Updates from the last post: not much has changed.
We've continued to submit our interest on different kids. And it's taken forever, but we have heard a little bit back, here and there. We've found out from a few caseworkers that we can't be considered because we're not in the same state as them, that they need to stay in the state because they have other siblings in the system or separately adopted that they need to stay in contact with. Or that we aren't a fit because we have younger children. And that's fine, it helps move us in the right direction when we get weeded out.

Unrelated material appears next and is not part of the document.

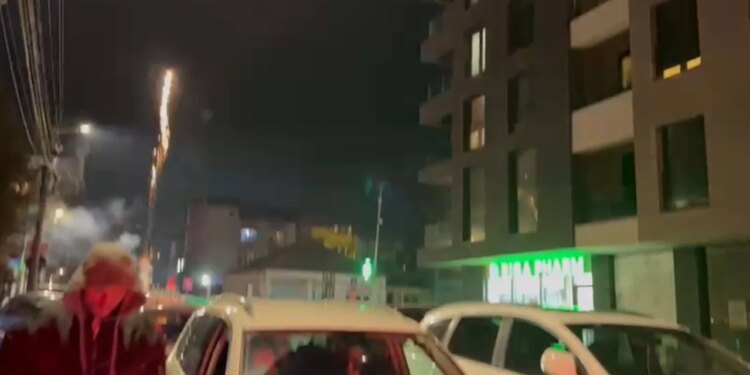 Kurti në rrugën e suksesit në zgjedhjet e Kosovës, Vetëvendosja organizon festime me fishekzjarrë në Prishtinë.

We really haven't gotten any additional info on any of the boys. Except one. His caseworker was very responsive and it was great working with her and getting his full background. In the end we decided to say yes, that we wanted to be considered for his adoptive parents. The process with that one was that there were multiple families interested, so they were going to narrow it down to 3 and let us know when they got to that point if we'd been chosen.
We waited for what felt like forever for them to finally make a decision. We found out yesterday that we weren't chosen.
It's certainly disappointing, but I just know that it will all work out the way it is supposed to in the end. I'm sure praying for it to. A lot.
This whole process is so much slower than I thought it would be. I assumed that since these kids are in the US, and in the foster care system, that they'd be eager to send these kids to a good home. And be quick about it. But that isn't how it's felt so far. No one will return calls. Caseworkers leave the office for months at a time, with no one who takes over their cases in the mean time.
Needless to say, it's been very frustrating.
But here is where I keep telling myself that I have to rely on faith. I know everything happens in the Lord's timeframe. This won't happen before God intends it to. I keep telling myself we will find our son when we are supposed to. No matter how anxious I am to speed that up.